Quantizer(Uniform Precision Quantization)

Description

netspresso.quantizer.quantizer.Quantizer

Bases: NetsPressoBase

uniform_precision_quantization(input_model_path, output_dir, dataset_path, metric=SimilarityMetric.SNR, weight_precision=QuantizationPrecision.INT8, activation_precision=QuantizationPrecision.INT8, input_layers=None, wait_until_done=True, sleep_interval=30)

Apply uniform precision quantization to a model, specifying precision for weight & activation.

This method quantizes all layers in the model uniformly based on the specified precision levels for weights and activations.

Parameters:

Name Type Description Default
input_model_path str

The file path where the model is located.

required
output_dir str

The local folder path to save the quantized model.

required
dataset_path str

Path to the dataset.
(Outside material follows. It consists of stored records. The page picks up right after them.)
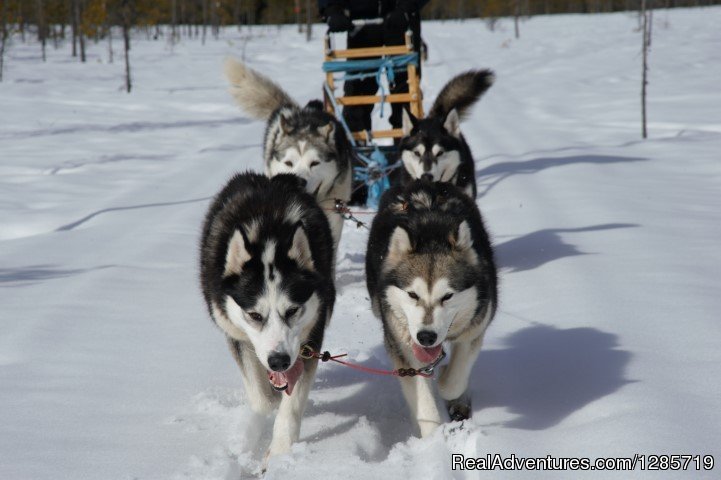 Northern light tour by dogsled in Swedish Lapland. | Image #3/5 | 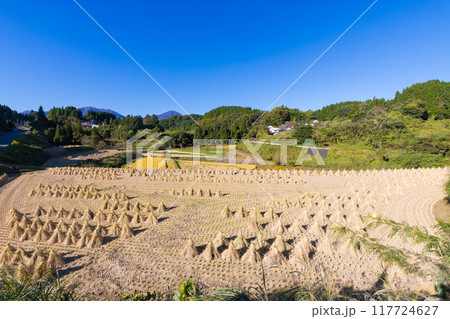 収穫後の田んぼと青空（大分県竹田市） 117724627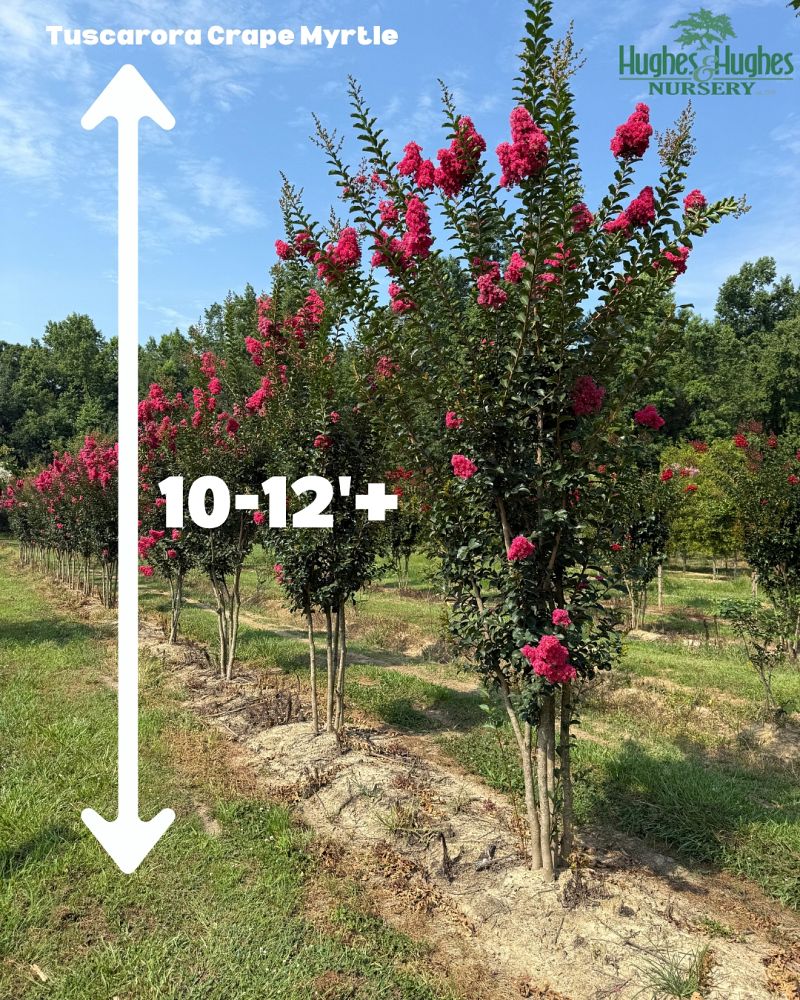 lagerstroemia-indica-tuscarora-crape-myrtle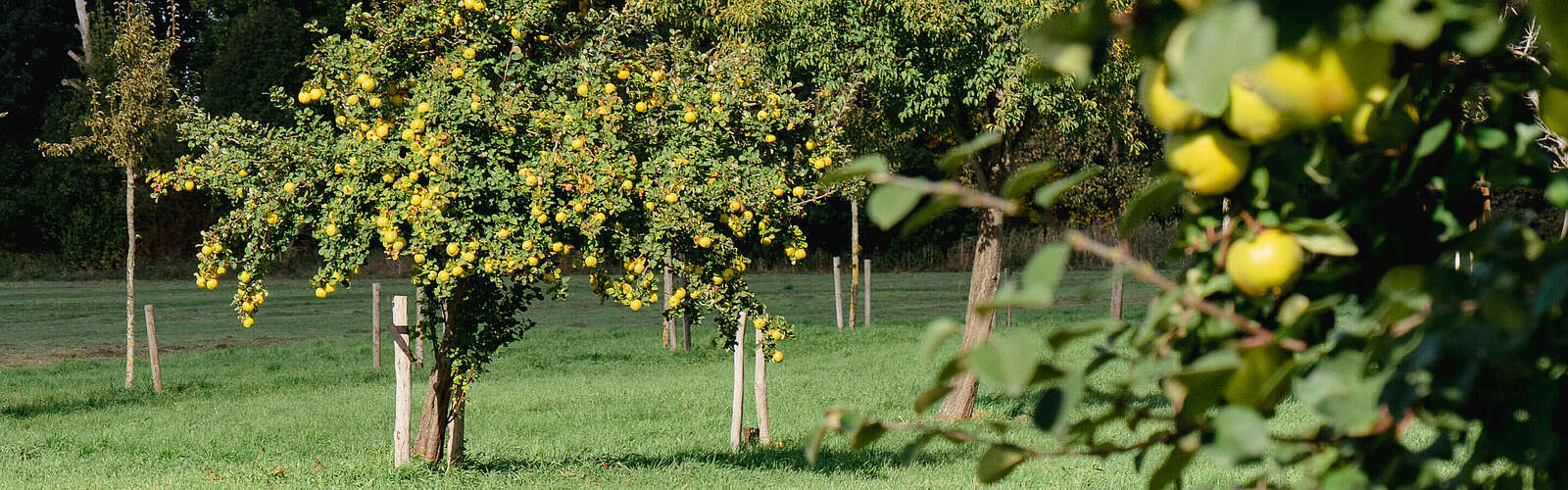 Streuobstwiese in Baruth/Mark,
        
    

        Foto: Tourismusverband Fläming e.V./Catharina Weisser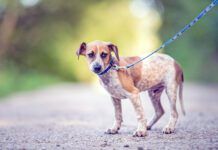 An anxious mixed breed rescue dog on a blue leash looks guardedly at the camera.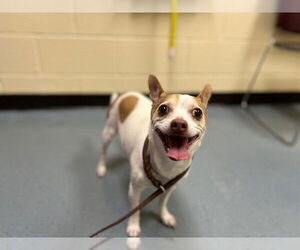 Rat Terrier Dogs for adoption in Denver, CO, USA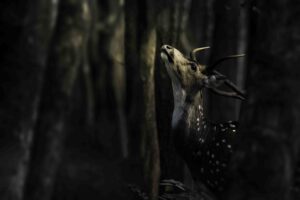 Spotted Deer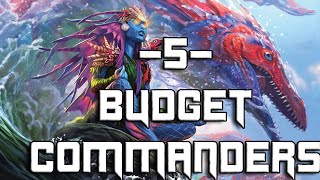 5 Budget Commanders [upl. by Mines]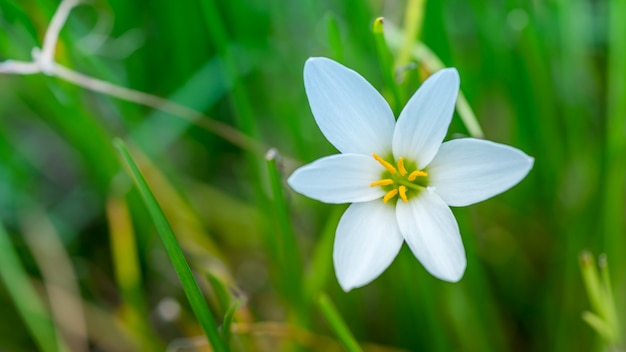 白い花の花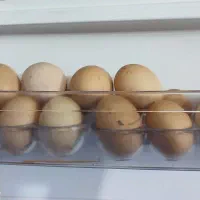 تخم مرغ محلی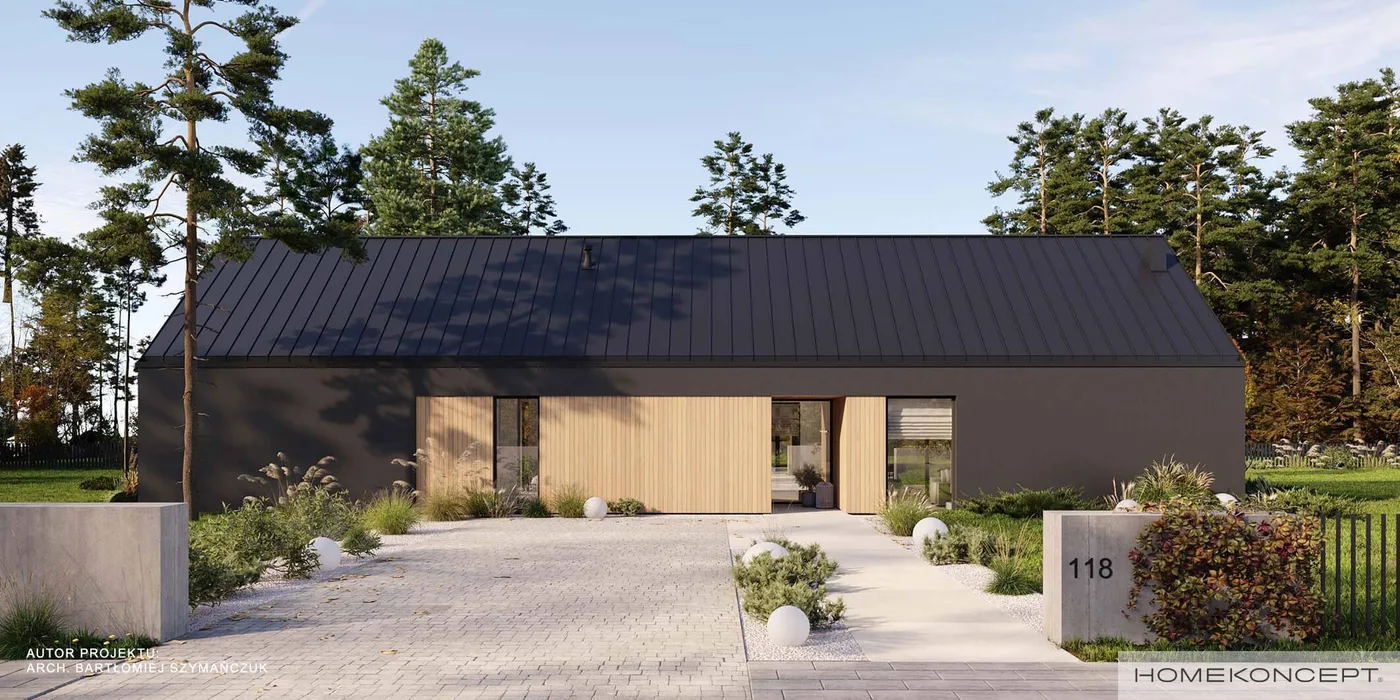 Wizualizacja HOMEKONCEPT 118 - zdjęcie 2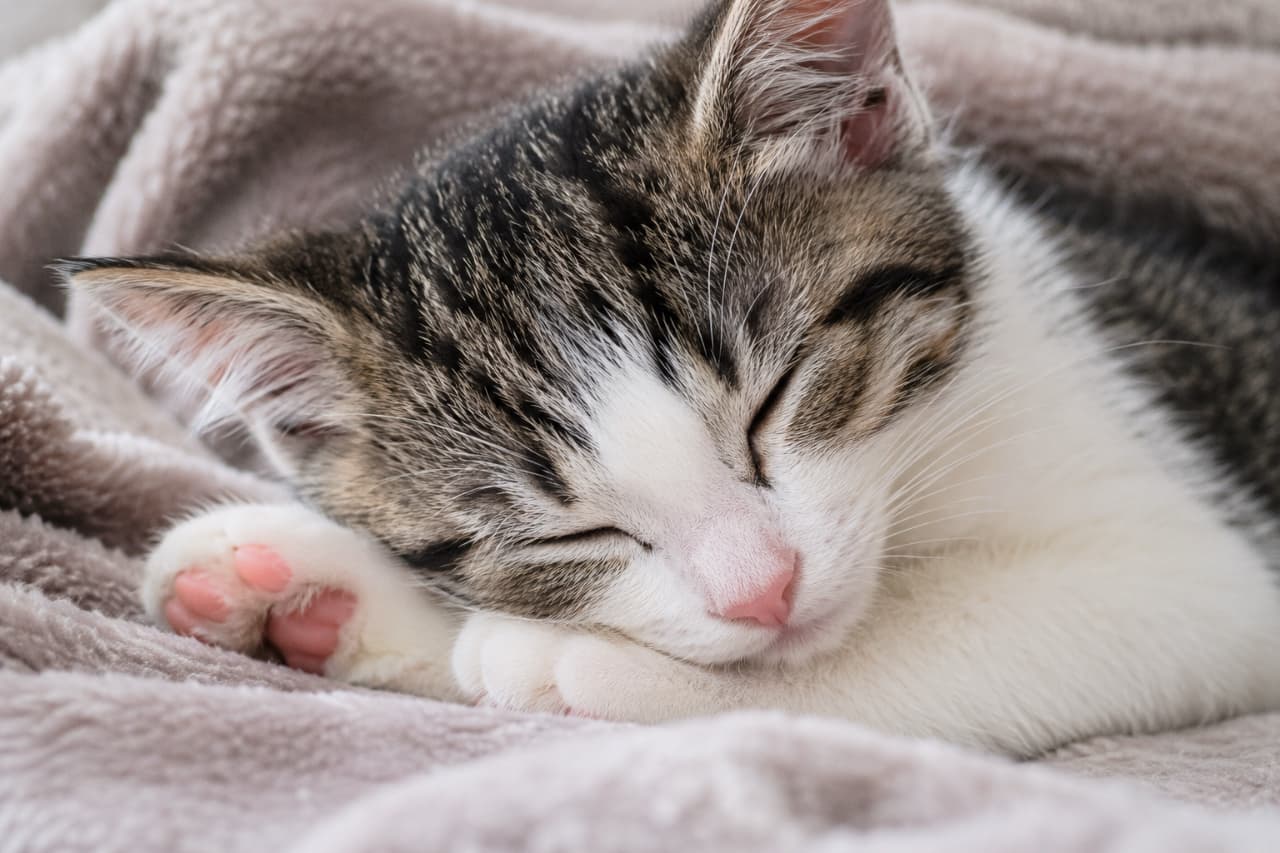 「ずっと見ていられる天使の寝顔👼💤ピンクのお鼻と肉球のセットは反則級の可愛さです😭💖 #天使の寝顔 #ねこすたぐらむ #癒し」Ultra-realistic high-quality photograph of a close-up of a tabby and white kitten sleeping with its face buried in a soft grey blanket. The paw resting next to its face, its healthy pink nose, and the crisp texture of each individual whisker are clearly depicted, capturing a serene and peaceful moment. グレーの柔らかい毛布に顔を埋めるようにして眠るキジ白子猫のクローズアップ写真。顔の横に添えられた美しい肉球、健康的なピンク色のお鼻、そして一本一本のひげの質感まで鮮明に描写されており、静寂で穏やかな時間が流れています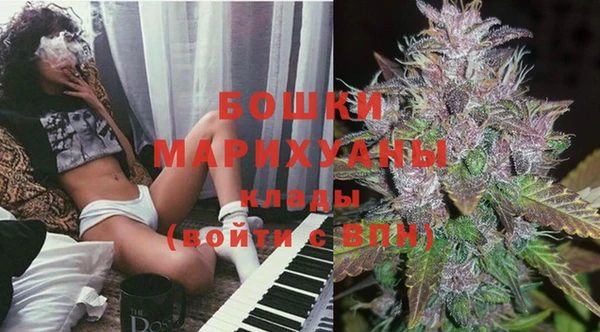 винт Пересвет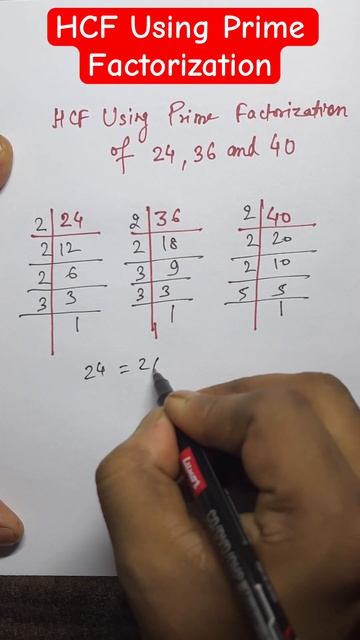 HCF Using Prime Factorization of 24, 36 and 40 #math #mathtricks #mathconcepts #mathhacks смотреть онлайн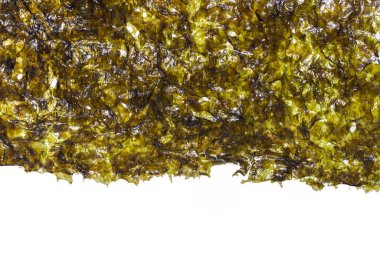 Beyaz arkaplandaki yosun örtüsünü kapat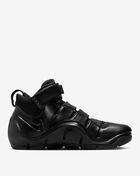 Zoom LeBron IV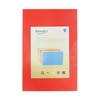 Large Plastic Cutting Board (Red)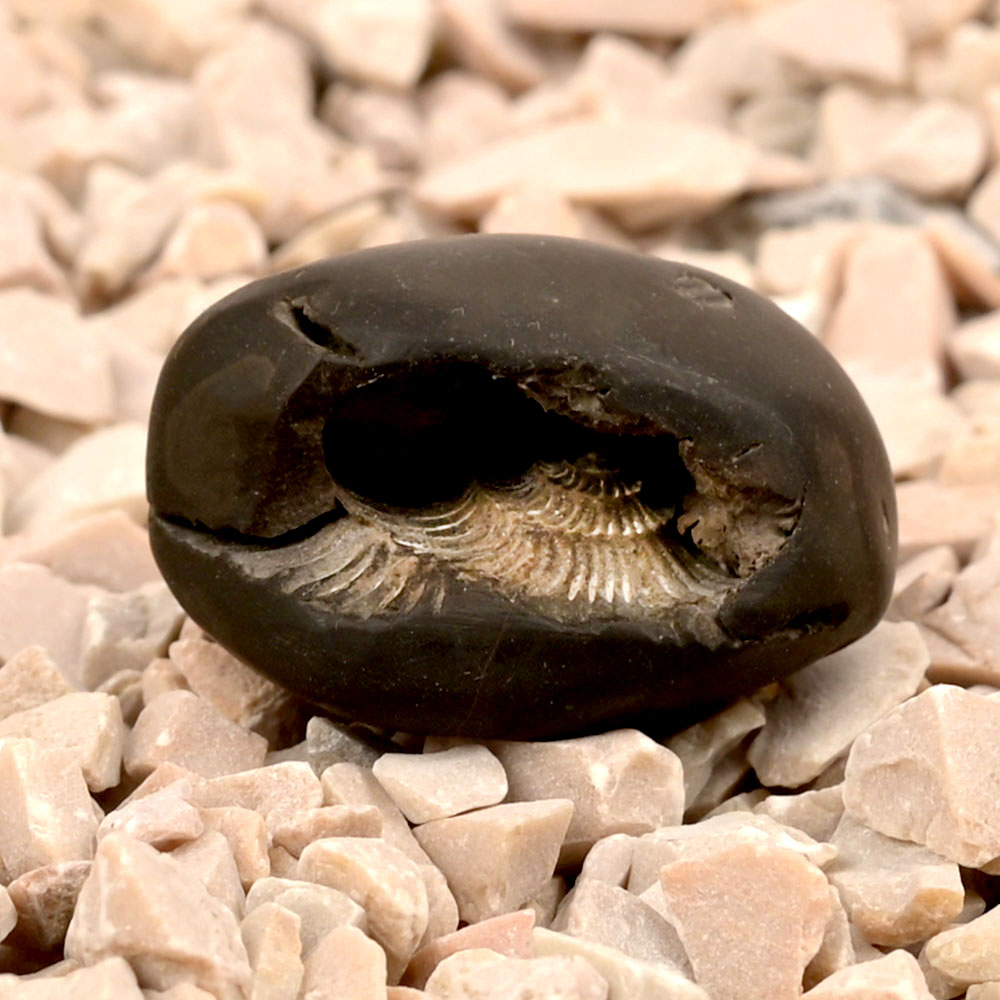 Narsimha Shaligram Shila - IV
Useful for certain quantizations.

required
metric SimilarityMetric

Quantization quality metrics.

SNR
weight_precision QuantizationPrecision

Weight precision

INT8
activation_precision QuantizationPrecision

Activation precision

INT8
input_layers List[InputShape]

Target input shape for quantization (e.g., dynamic batch to static batch).

None
wait_until_done bool

If True, wait for the quantization result before returning the function. If False, request the quantization and return the function immediately.

True

Raises:

Type Description
e

If an error occurs during the model quantization.

Returns:

Name Type Description
QuantizerMetadata

Quantize metadata.

Examples

from netspresso import NetsPresso
from netspresso.enums import QuantizationPrecision, SimilarityMetric


netspresso = NetsPresso(email="YOUR_EMAIL", password="YOUR_PASSWORD")

quantizer = netspresso.quantizer()
quantization_result = quantizer.uniform_precision_quantization(
    input_model_path="./examples/sample_models/test.onnx",
    output_dir="./outputs/quantized/uniform_precision_quantization",
    dataset_path="./examples/sample_datasets/pickle_calibration_dataset_128x128.npy",
    metric=SimilarityMetric.SNR,
    weight_precision=QuantizationPrecision.INT8,
    activation_precision=QuantizationPrecision.INT8,
)